"Catenaccio? No, equilibrio"

La penna degli Altri
venerdì, 17 settembre 2010 alle 11:37
trapattoni
IL MESSAGGERO (M. FERRETTI) - «Sentir parlare ancora di catenaccio, è una cosa che mi indigna. Non come Giovanni Trapattoni, ma come tecnico italiano. Perché il catenaccio non esiste più», urla al telefono il Re del Catenaccio, settantuno anni e - fra le tante altre cose - sette scudetti in Italia, più uno in Germania, Portogallo e Austria vinti da allenatore.
«Lo sa perché mi sono beccato quest’etichetta? Glielo spiego io: perché i suoi colleghi non avevano voglia di andare a leggersi le formazioni delle mie squadre. Se lo avessero fatto, avrebbero visto che con me Platini, Boniek e Paolo Rossi giocavano l’uno al fianco dell’altro, e Cabrini faceva l’ala e segnava gol. E prima la stessa cosa l’avevano fatta Causio, Bettega e Boninsegna: facevo catenaccio, perciò? La verità è che nel calcio esiste una sola verità: il pallone è uno, o ce l’hai tu oppure ce l’hanno loro. E la difficoltà più grossa sta nel riprenderselo quando ce l’hanno gli altri. Per riuscirci, ci sono mille modi. Determinati ognuno da un insieme di cose, quasi mai dalla scelta di aspettare passivamente che gli avversari te lo ridiano indietro», la spiegazione del cittì dell’Irlanda. «E poi non va dimenticata una cosa: si deve andare avanti solo se e quando hai il pallone tra i piedi; se ce l’hanno i tuoi avversari, dove vai?».
«Abbiamo fatto catenaccio», ha dichiarato Totti dopo il ko della Roma a Monaco. Era o no catenaccio?
«Per me, Francesco ha detto quella cosa sulla scia della delusione della partita persa. Ma, ripeto, il catenaccio nel calcio italiano non esiste più. Quando si giocava con il libero staccato, quando lo stopper marcava il centravanti e i terzini si appiccicavano alle ali, si poteva pensare ad una squadra impostata sulla difensiva: ma adesso, ditemi, chi gioca in questa maniera? Nessuno. Anzi, in Italia ci sono tanti allenatori preparati, e Ranieri è uno di questi, che non perdono di vista una cosa fondamentale: l’equilibrio complessivo della squadra».

Anche a costo di stare costantemente con dieci uomini dietro la linea della palla, come accaduto alla Roma di Monaco?

«Ma, scusi, se io non ce la faccio a stare alto perché le gambe ancora non girano bene, e quindi non ho la forza per coprire tutto il campo, o perché psicologicamente sono un po’ nervoso, preoccupato dopo la sconfitta di Cagliari, oppure perché di fronte ho un avversario forte, non è meglio stare dietro, aspettare e coprirsi, mollando ogni tanto un cazzotto all’avversario?
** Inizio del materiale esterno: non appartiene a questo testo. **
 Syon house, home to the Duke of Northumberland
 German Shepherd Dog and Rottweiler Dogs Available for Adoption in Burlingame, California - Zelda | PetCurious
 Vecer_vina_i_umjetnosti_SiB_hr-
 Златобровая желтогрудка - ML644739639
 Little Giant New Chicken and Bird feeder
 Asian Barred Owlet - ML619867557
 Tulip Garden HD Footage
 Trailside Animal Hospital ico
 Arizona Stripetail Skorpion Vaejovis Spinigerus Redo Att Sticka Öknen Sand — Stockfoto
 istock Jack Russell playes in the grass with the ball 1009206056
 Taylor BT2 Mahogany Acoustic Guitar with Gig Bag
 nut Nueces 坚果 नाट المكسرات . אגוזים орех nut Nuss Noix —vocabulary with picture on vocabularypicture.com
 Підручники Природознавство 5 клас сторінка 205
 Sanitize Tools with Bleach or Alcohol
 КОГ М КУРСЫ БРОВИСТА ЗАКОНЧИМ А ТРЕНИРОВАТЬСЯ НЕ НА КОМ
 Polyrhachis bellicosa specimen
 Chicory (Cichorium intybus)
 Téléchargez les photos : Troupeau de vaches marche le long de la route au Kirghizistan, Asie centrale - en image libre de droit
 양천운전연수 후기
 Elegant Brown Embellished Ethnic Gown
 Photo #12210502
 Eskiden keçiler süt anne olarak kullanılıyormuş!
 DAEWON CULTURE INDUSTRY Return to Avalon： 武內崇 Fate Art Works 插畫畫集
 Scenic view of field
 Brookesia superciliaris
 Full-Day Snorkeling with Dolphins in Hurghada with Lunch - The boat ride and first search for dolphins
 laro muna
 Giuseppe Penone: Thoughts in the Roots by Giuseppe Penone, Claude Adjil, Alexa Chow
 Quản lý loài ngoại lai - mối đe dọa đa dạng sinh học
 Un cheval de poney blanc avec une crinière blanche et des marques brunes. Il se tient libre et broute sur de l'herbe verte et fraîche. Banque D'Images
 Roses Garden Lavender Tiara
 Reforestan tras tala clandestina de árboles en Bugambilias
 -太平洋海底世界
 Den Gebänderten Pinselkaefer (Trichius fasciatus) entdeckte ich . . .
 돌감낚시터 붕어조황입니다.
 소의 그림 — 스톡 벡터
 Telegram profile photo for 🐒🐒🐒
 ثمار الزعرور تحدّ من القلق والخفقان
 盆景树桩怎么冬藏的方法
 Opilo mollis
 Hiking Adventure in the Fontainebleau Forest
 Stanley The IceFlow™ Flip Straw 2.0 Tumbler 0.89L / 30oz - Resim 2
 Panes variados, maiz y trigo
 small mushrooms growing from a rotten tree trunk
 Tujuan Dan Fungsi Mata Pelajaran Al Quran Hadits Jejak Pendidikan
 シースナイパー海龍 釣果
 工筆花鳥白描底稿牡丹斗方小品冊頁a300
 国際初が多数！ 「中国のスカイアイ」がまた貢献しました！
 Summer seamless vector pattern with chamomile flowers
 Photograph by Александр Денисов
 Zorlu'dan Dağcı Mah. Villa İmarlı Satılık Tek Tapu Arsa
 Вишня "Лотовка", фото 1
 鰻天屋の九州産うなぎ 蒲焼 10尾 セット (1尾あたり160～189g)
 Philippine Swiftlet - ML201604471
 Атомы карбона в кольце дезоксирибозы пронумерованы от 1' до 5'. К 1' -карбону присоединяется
Voglio dire, in sostanza, che un allenatore sa sempre come sta la propria squadra e se sceglie questo o quel modo di stare in campo lo fa in funzione della ricerca del maggior equilibrio possibile».
L’equilibrio, però, in questo caso sa tanto di catenaccio...
«Se la mette su questo piano, allora le dico che l’Inter di Mourinho, quella che l’anno scorso ha vinto tutto, faceva catenaccio. Esatto: catenaccio. Perché, è vero o non è vero, che Eto’o e Pandev, due attaccanti, quando la palla non ce l’aveva l’Inter facevano i terzini sui loro terzini? Del resto, l’equazione tre, quattro attaccanti uguale tre, quattro gol non è assolutamente vera: se fosse così, il Brasile avrebbe vinto tutti i campionati mondiali. Invece spesso è andato a casa prima del tempo».

Quindi le due sostituzioni di fila di Totti sono state dettate solo da una ricerca di equilibrio?

«Non credo che Ranieri abbia fatto questa doppia mossa per penalizzare Totti, ma che abbia pensato in entrambi i casi all’equilibrio della squadra. Ci può stare, in avvio di stagione, che la condizione atletica della squadra non sia ottimale, che ci sia qualcuno un po’ indietro e che, per tutto questo, ci sia bisogno di correggere, di sistemare qualcosa durante il gioco. Francesco non deve pensare a una mossa mirata contro di lui, ma a una scelta - a giudizio di Ranieri - nell’interesse della Roma».